I feel rantish today. I woke up this way and was hoping that by the end of the day it would disappear, but no such luck. I want to rant about a lot of things, but here is what is on the forefront of my mind.
Parenting other people’s children.
Kimber has a couple of friends who have recently discovered where she lives. Now they are over here twice a day to play. Normally I don’t have a problem with that. Kimber needs to play outside more, and she has so few friends it is nice to see someone taking an interest in her. There are two little girls. One six, one eight. The six year old is sweet. She tends to do stuff that is against the rules, but as soon as she knows the rules, she stops. Fair enough. I admit we have perhaps one too many rules.

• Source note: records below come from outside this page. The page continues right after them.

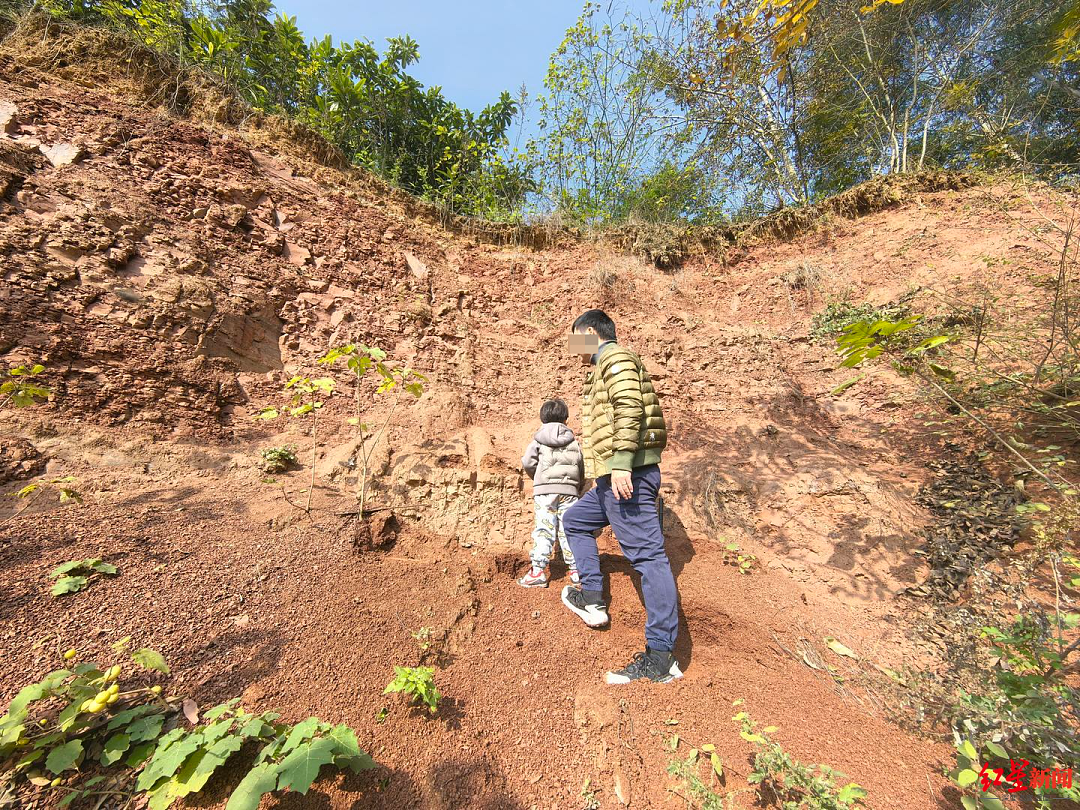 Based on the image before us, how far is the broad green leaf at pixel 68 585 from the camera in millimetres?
1871

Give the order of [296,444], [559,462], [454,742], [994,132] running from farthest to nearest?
[994,132] → [296,444] → [559,462] → [454,742]

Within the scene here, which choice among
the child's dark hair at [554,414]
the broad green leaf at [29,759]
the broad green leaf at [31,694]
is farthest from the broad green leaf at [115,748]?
the child's dark hair at [554,414]

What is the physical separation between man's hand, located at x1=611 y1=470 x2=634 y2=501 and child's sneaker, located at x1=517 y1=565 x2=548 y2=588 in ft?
3.37

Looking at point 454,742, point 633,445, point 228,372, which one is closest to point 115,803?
point 454,742

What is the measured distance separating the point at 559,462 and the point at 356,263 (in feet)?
13.0

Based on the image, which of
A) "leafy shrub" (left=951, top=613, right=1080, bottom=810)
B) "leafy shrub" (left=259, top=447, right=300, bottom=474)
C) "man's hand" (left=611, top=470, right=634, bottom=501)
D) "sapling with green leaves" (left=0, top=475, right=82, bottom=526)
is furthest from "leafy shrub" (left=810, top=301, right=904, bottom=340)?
"sapling with green leaves" (left=0, top=475, right=82, bottom=526)

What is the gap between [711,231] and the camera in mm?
6402

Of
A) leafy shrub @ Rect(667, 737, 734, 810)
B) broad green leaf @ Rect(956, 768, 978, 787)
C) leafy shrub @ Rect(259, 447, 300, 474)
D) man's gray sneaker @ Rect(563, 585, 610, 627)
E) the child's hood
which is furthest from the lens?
the child's hood

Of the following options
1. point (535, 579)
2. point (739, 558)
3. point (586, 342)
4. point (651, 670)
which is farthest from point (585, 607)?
point (586, 342)

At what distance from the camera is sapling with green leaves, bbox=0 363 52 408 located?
8.17 feet

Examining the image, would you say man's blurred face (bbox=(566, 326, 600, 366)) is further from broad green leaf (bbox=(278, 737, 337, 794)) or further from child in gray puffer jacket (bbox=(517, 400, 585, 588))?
broad green leaf (bbox=(278, 737, 337, 794))

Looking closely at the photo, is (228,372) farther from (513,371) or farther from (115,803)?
(115,803)

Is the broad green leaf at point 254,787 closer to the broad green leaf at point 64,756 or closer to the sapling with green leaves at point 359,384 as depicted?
the broad green leaf at point 64,756

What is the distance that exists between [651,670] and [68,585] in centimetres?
305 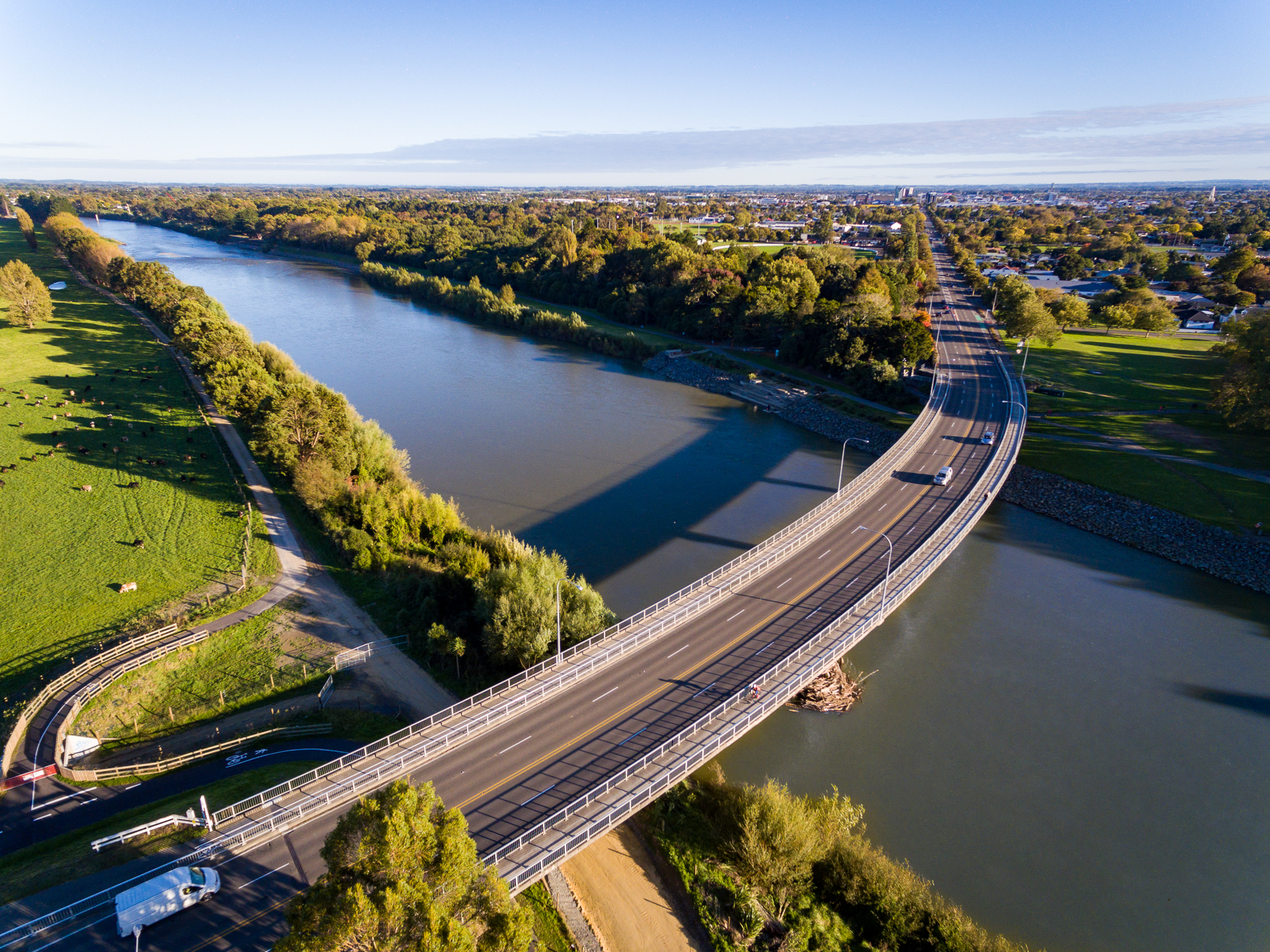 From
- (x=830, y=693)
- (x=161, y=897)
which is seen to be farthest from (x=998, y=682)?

The eight year old repeatedly breaks the rules. And she knows them because I tell her every time. She lacks respect for my girls, their stuff and me. And that is what gets me the most. Her lack of respect. She breaks the rules, knowing it is breaking the rules. Today she was over by herself. She took Kimber’s toys out onto the street (where they are not allowed to play – that is not a rule I bend on, AT ALL and I can’t understand parents who let their children play on the street – especially one like ours. If I could keep my children locked in the yard, I would) and rode Kimber’s bike around the block, leaving Kimber to stare longingly after her.
I don’t believe in parenting other people’s children. Everyone has their own way of doing things, and I can respect that. When those children are misbehaving in my house, however, and the parent does nothing about it, I have to step in. I told the child exactly what I thought of her breaking the rules as she did. I told her that if she wanted to play at our house, she would also have to obey our rules. Period.
For the rest of the morning, she moped around. And, therefore, so did Kimber. They kept trying to come inside to play (where she was even worse, yesterday), and I kept sending them outside. Finally, when it was time to come in for lunch, she went home. “I don’t know when I will see you again, Kimber. I am going away on vacation to Florida.”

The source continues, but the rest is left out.